THE PROBLEM
Print the lines below from the line with "Ministerialprotokoller, klokkerbøker og" to the line with "Logan read about" exactly, keeping both ends, and print no pictures.
DATASET EXTRACT START
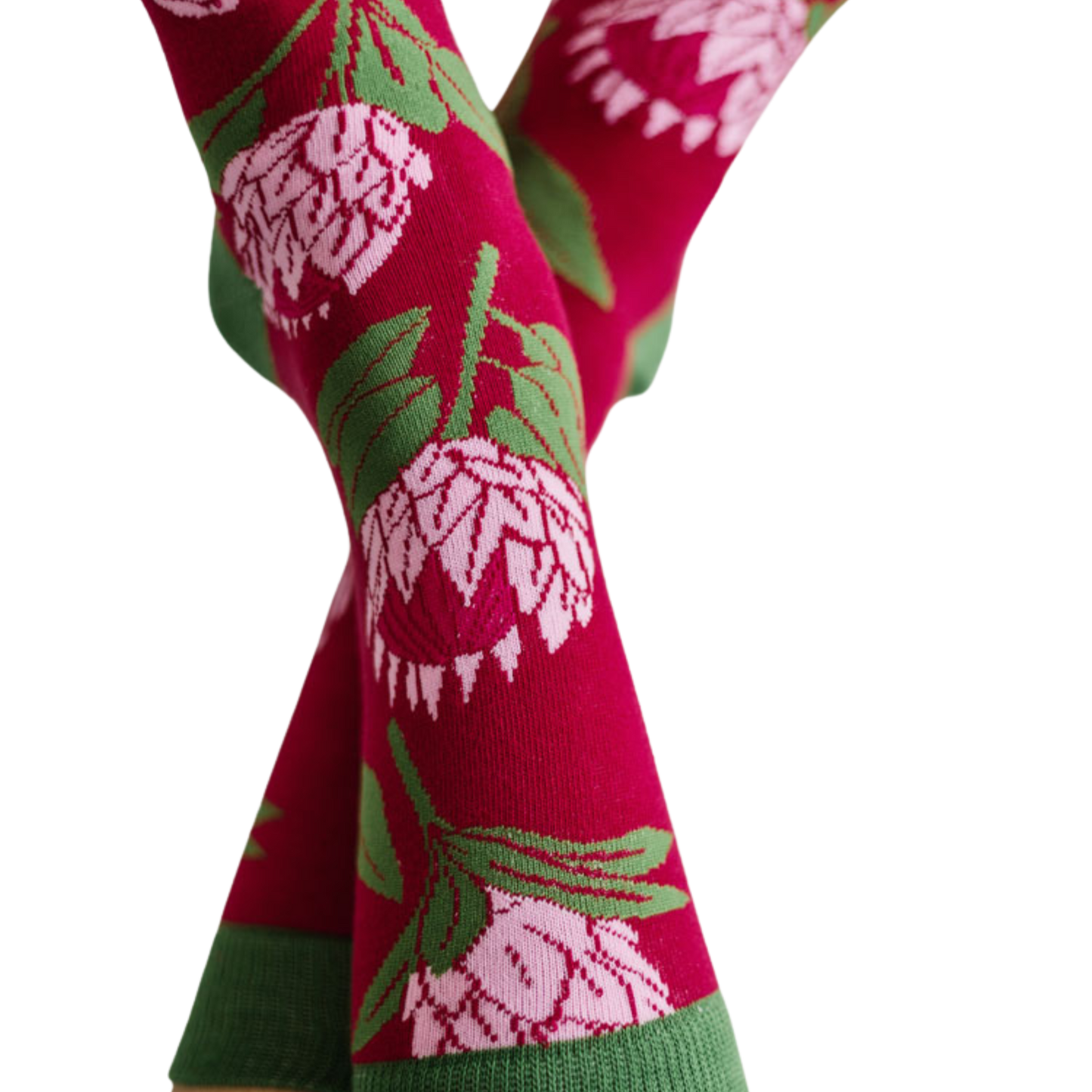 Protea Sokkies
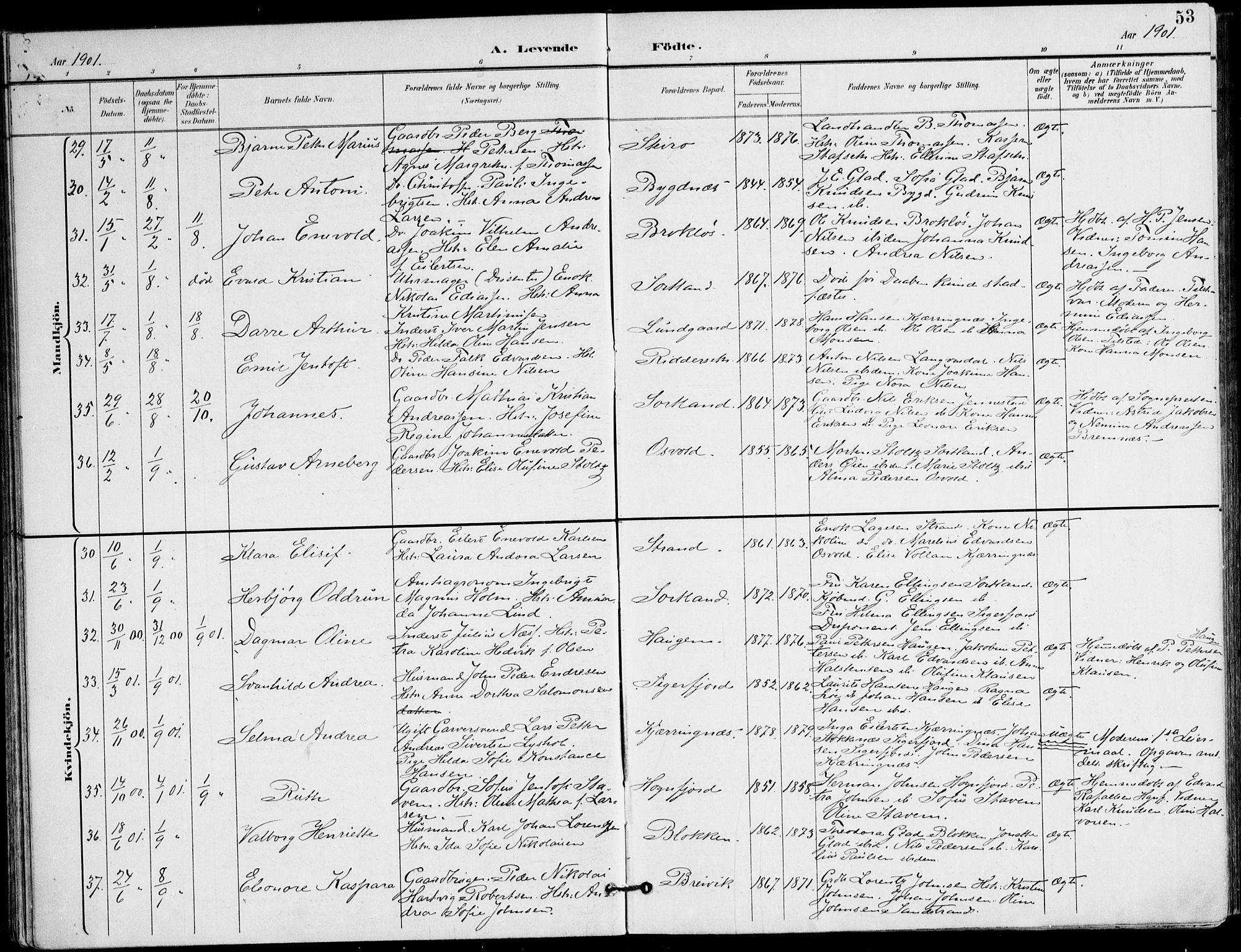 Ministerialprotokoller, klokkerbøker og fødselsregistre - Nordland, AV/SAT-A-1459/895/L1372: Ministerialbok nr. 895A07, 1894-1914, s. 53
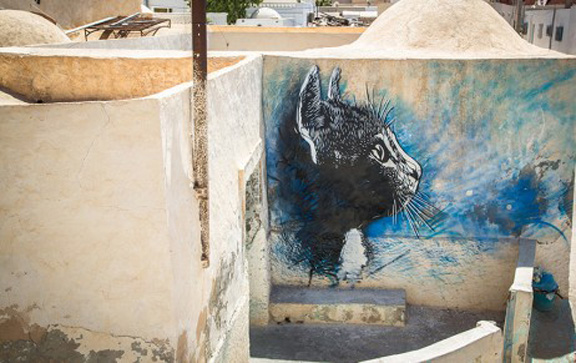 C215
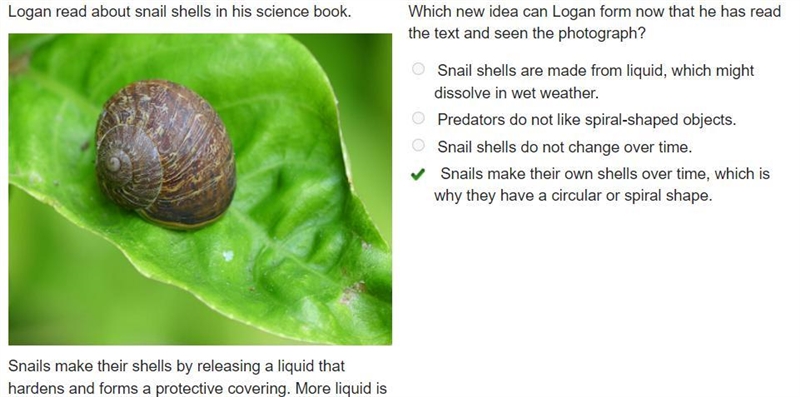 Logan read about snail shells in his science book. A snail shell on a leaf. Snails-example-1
DATASET EXTRACT END
DATASET EXTRACT START
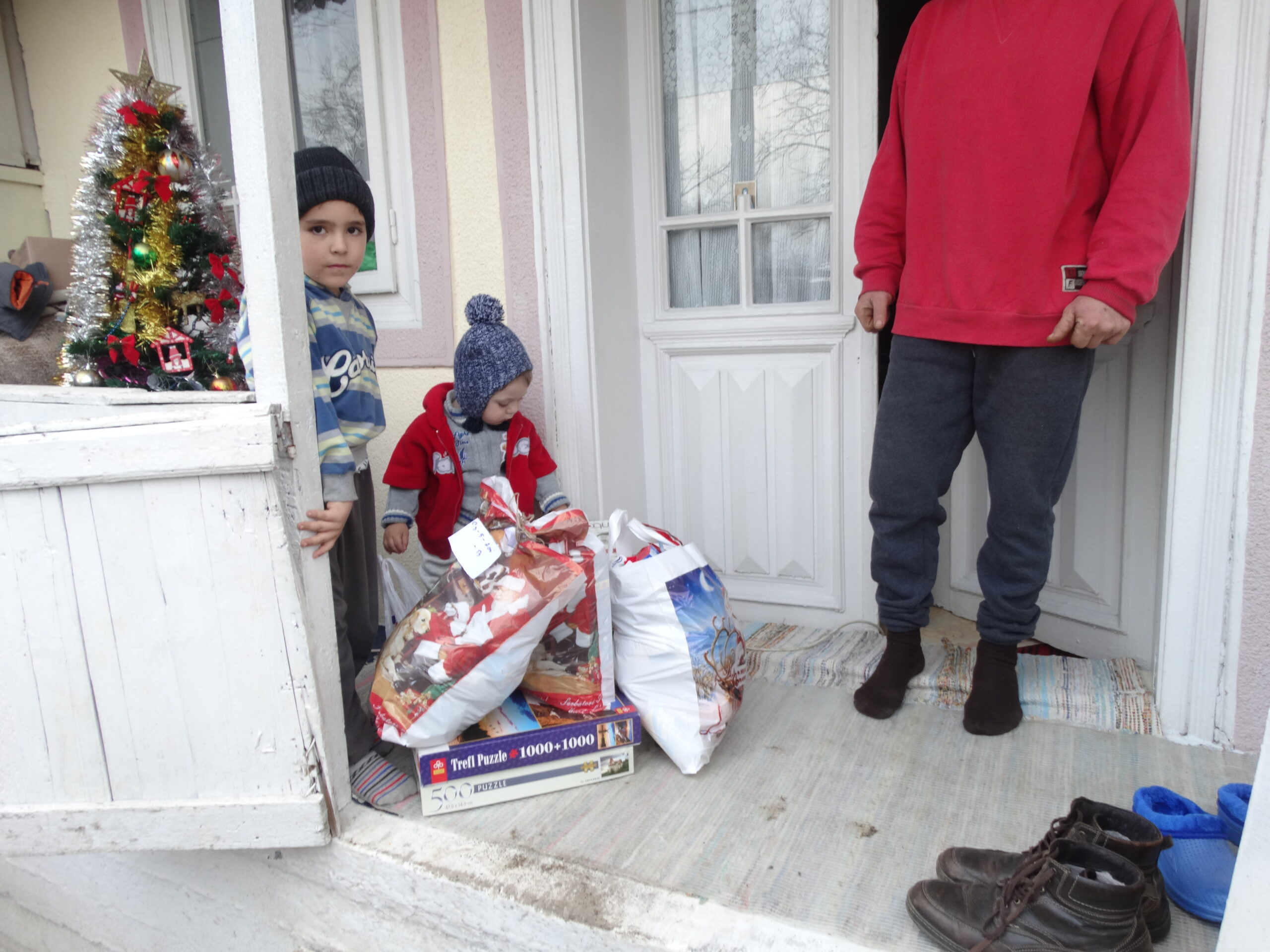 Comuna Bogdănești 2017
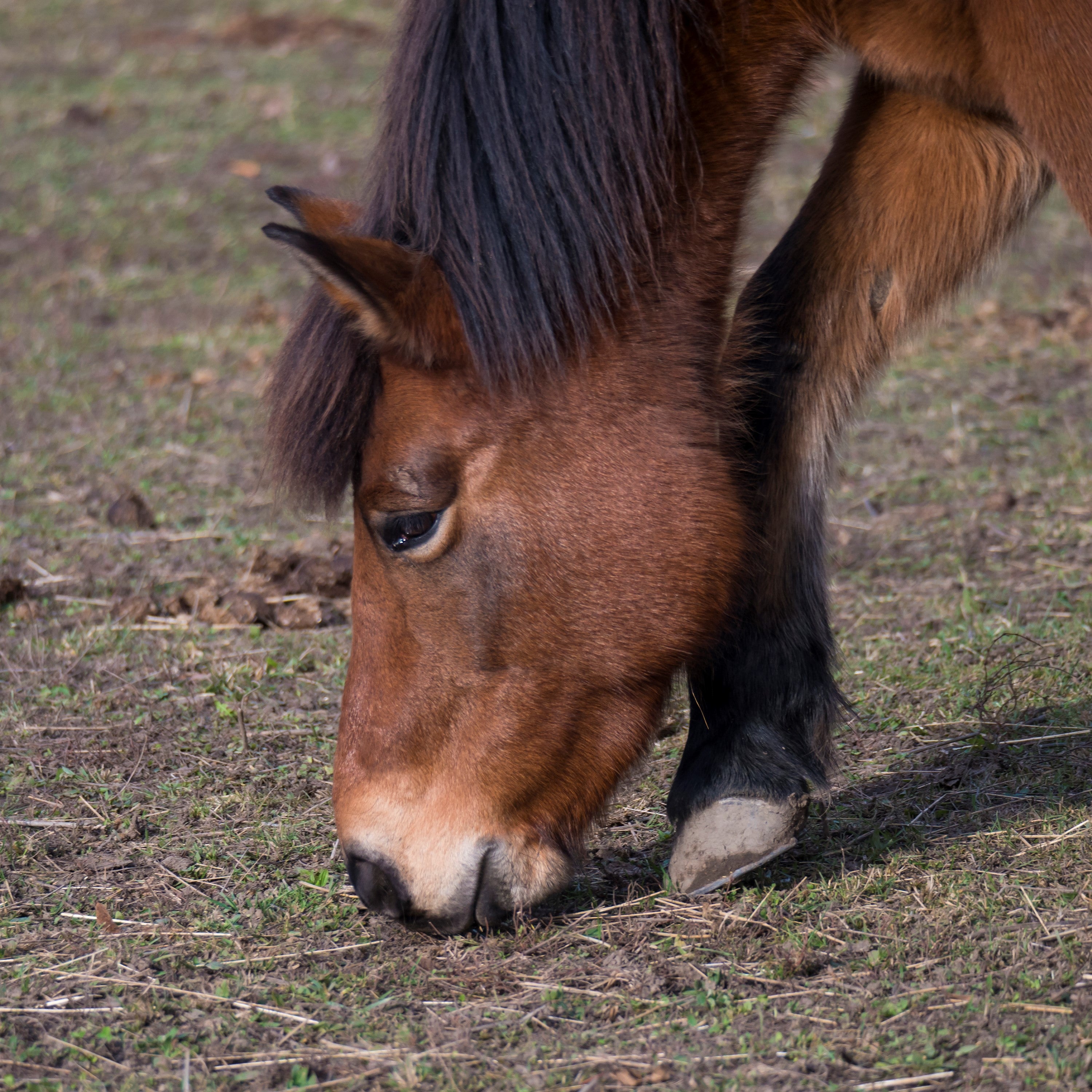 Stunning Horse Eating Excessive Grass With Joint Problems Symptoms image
DATASET EXTRACT END
DATASET EXTRACT START
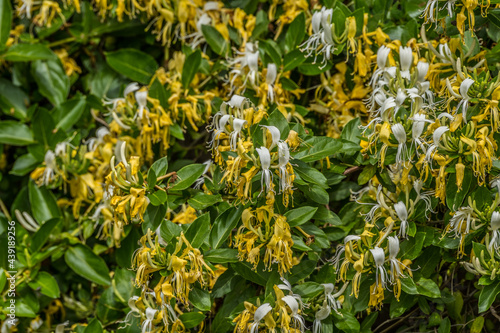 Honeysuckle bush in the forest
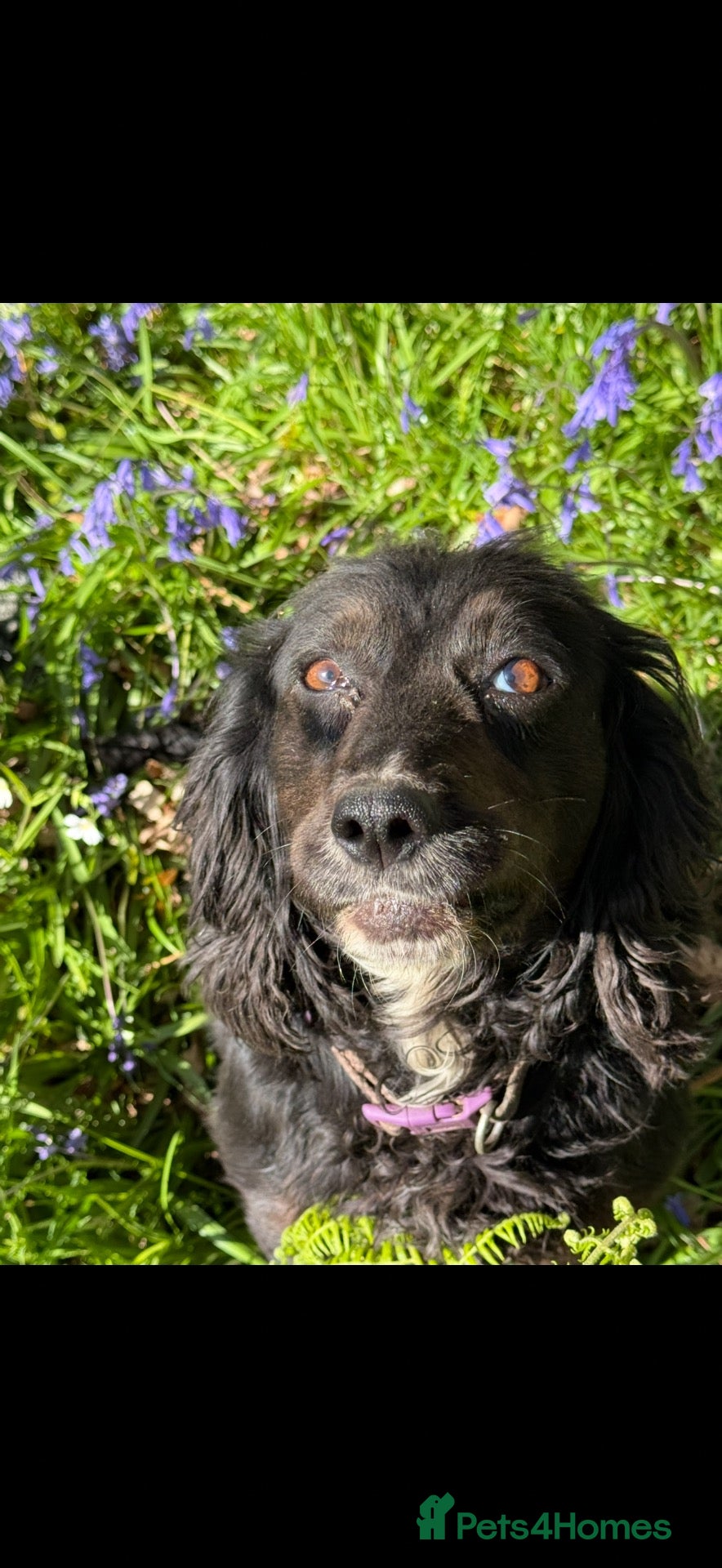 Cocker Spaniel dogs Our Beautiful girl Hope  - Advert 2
DATASET EXTRACT END
SOLUTION
 Ministerialprotokoller, klokkerbøker og fødselsregistre - Nordland, AV/SAT-A-1459/895/L1372: Ministerialbok nr. 895A07, 1894-1914, s. 53
 C215
 Logan read about snail shells in his science book. A snail shell on a leaf. Snails-example-1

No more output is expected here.